--- INPUT Enclosed Below ---

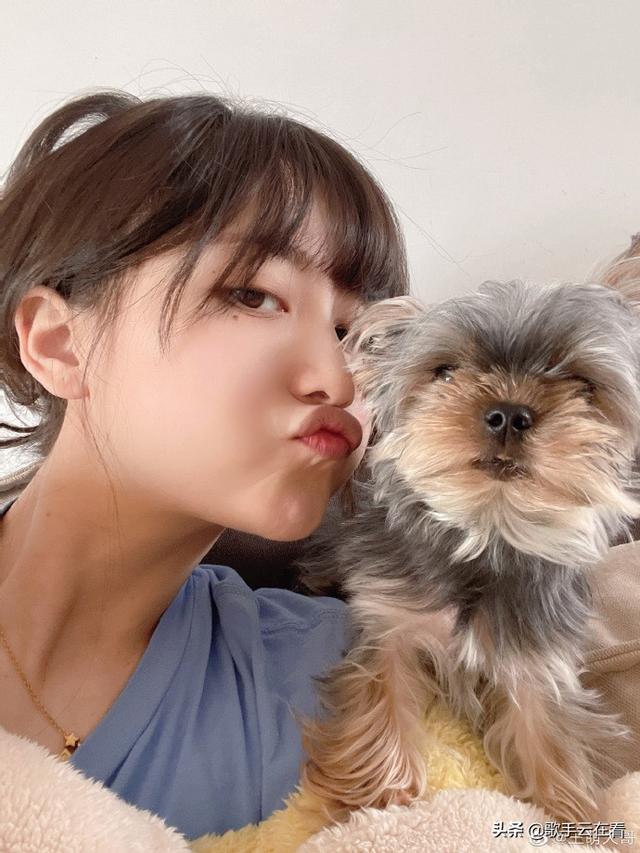 97年美女游戏博主王萌迷人美照欣赏，好漂亮啊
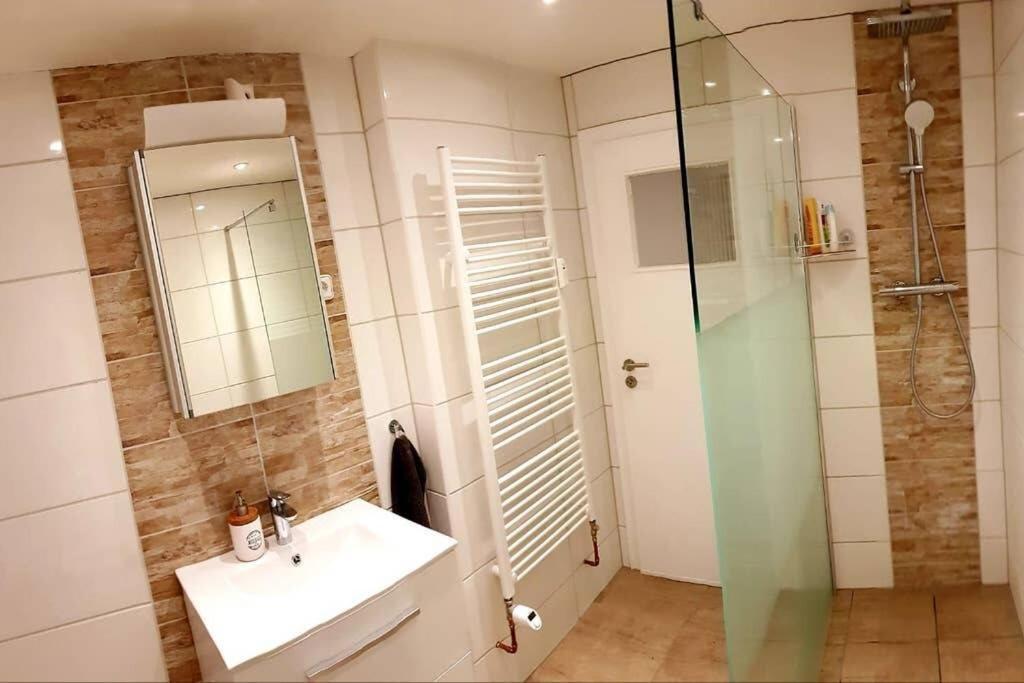 Apartment Moderne 3 - Zentral Gelegen *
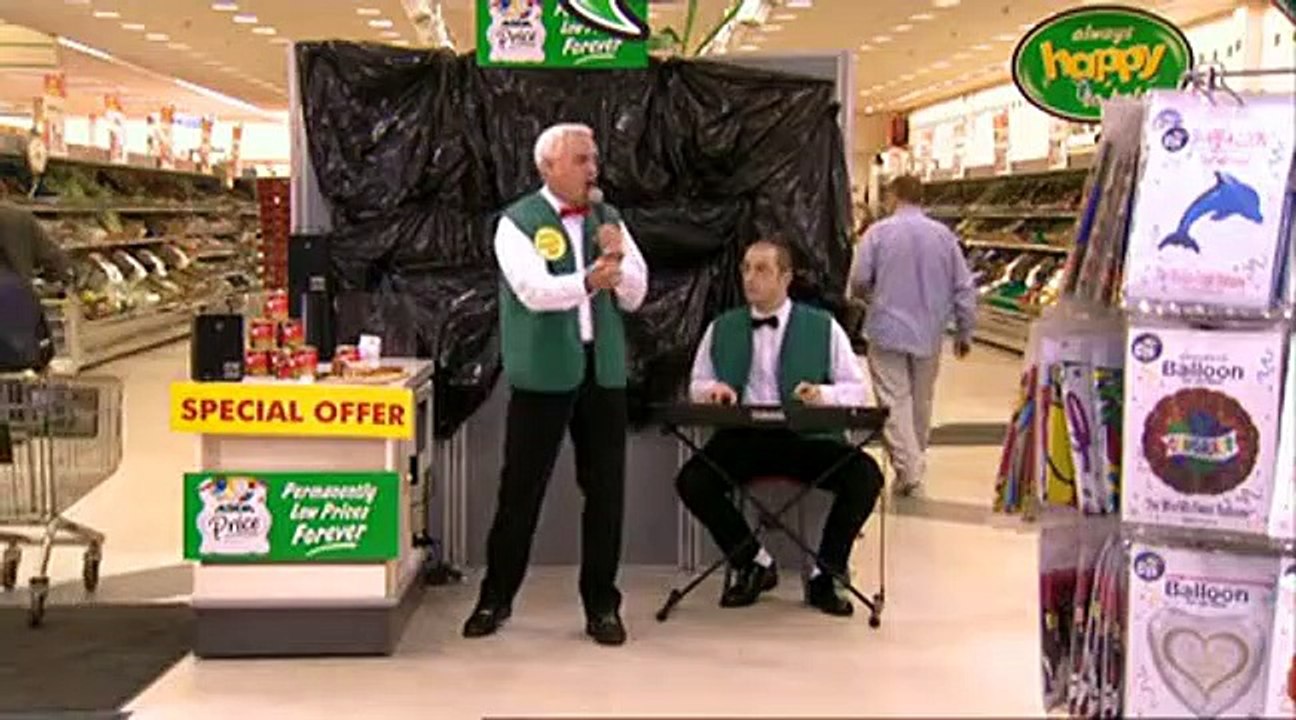 Phoenix Nights S02 E01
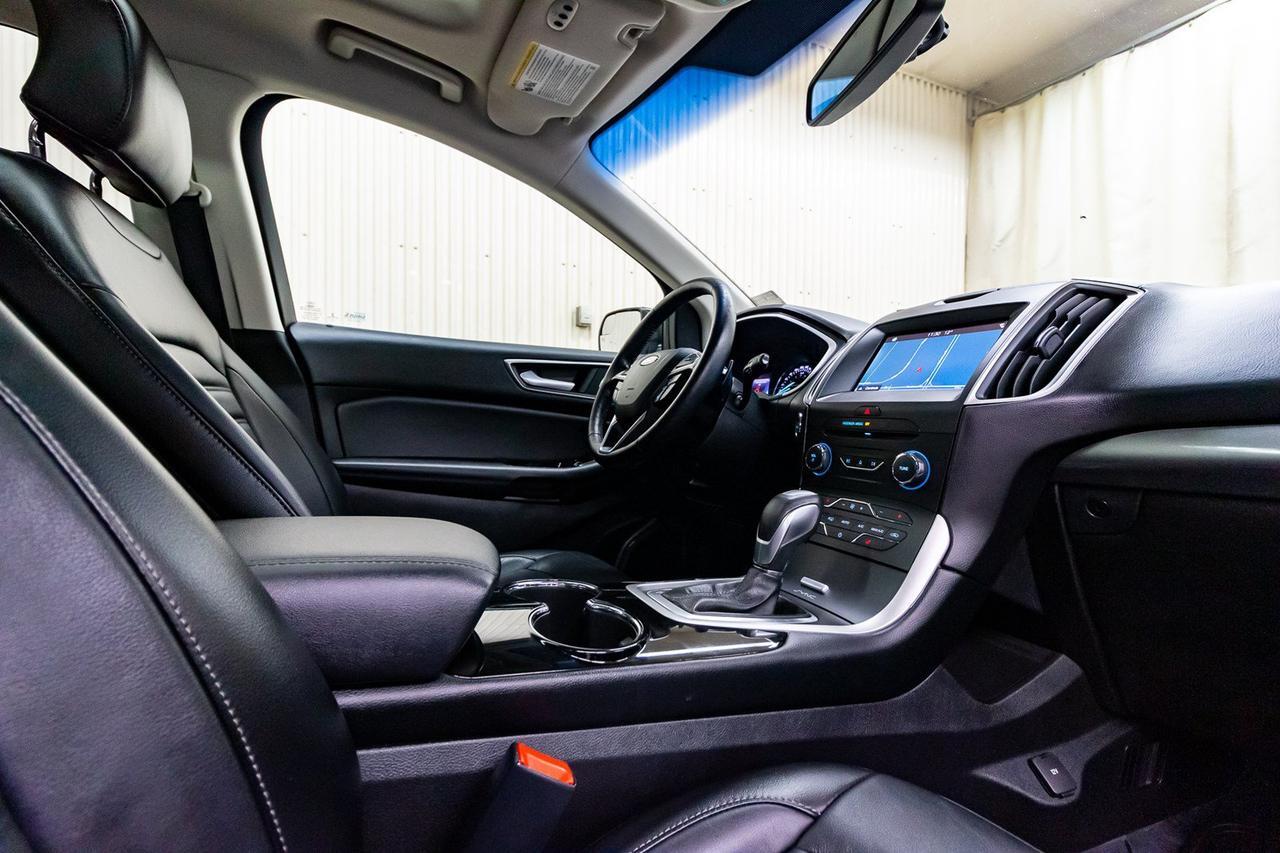 2016 Ford Edge AWD SEL Leather Roof Nav BCam Red Deer AB
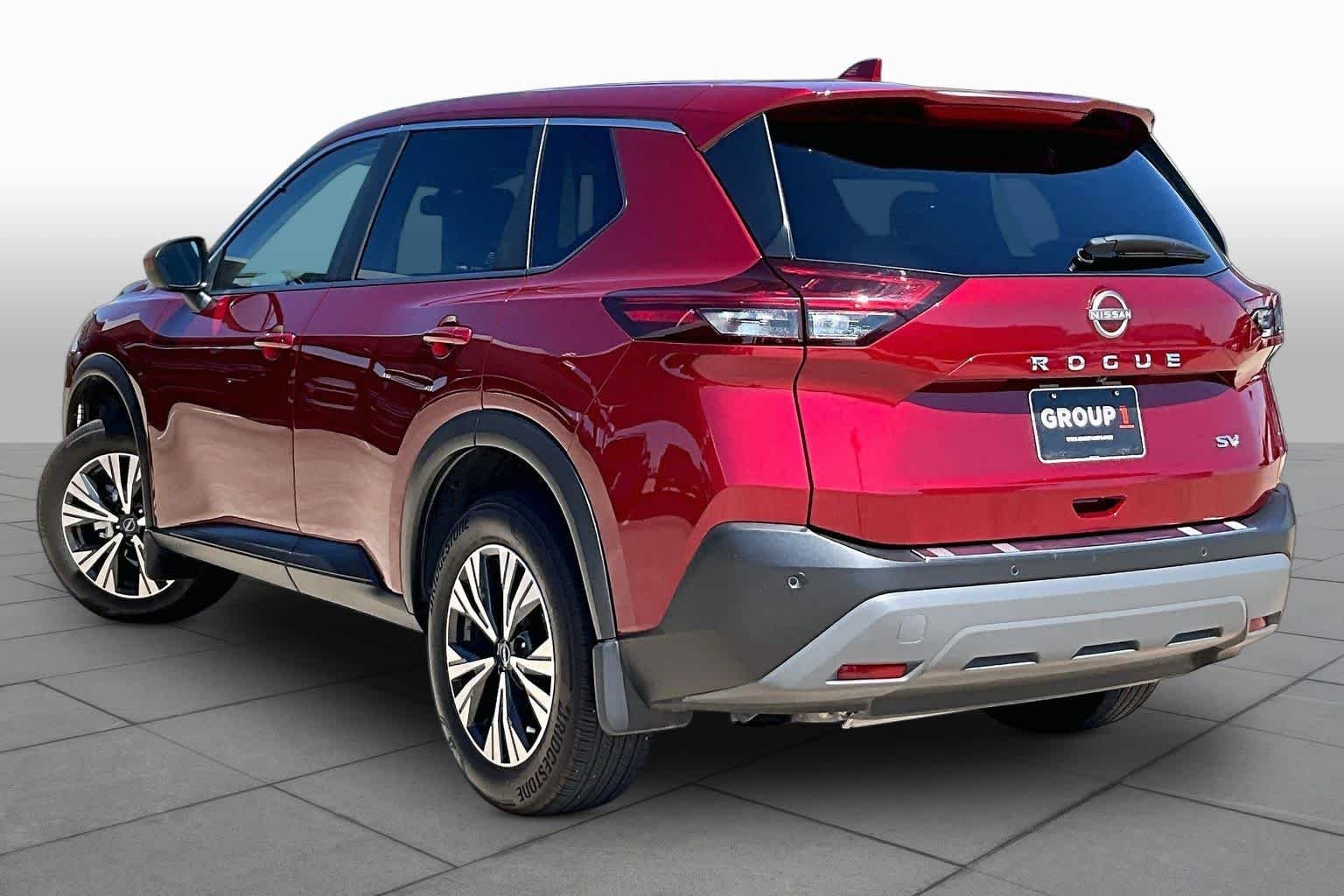 Certified Used 2023 Scarlet Ember Tintcoat Nissan SV image 11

--- End of Enclosed INPUT ---

From the line containing "Apartment Moderne 3 - Zentral Gelegen *" to the final line above, both included, transcribe every line exactly and leave all pictures out.

**RESULT OF THE TASK:**
 Apartment Moderne 3 - Zentral Gelegen *
 Phoenix Nights S02 E01
 2016 Ford Edge AWD SEL Leather Roof Nav BCam Red Deer AB
 Certified Used 2023 Scarlet Ember Tintcoat Nissan SV image 11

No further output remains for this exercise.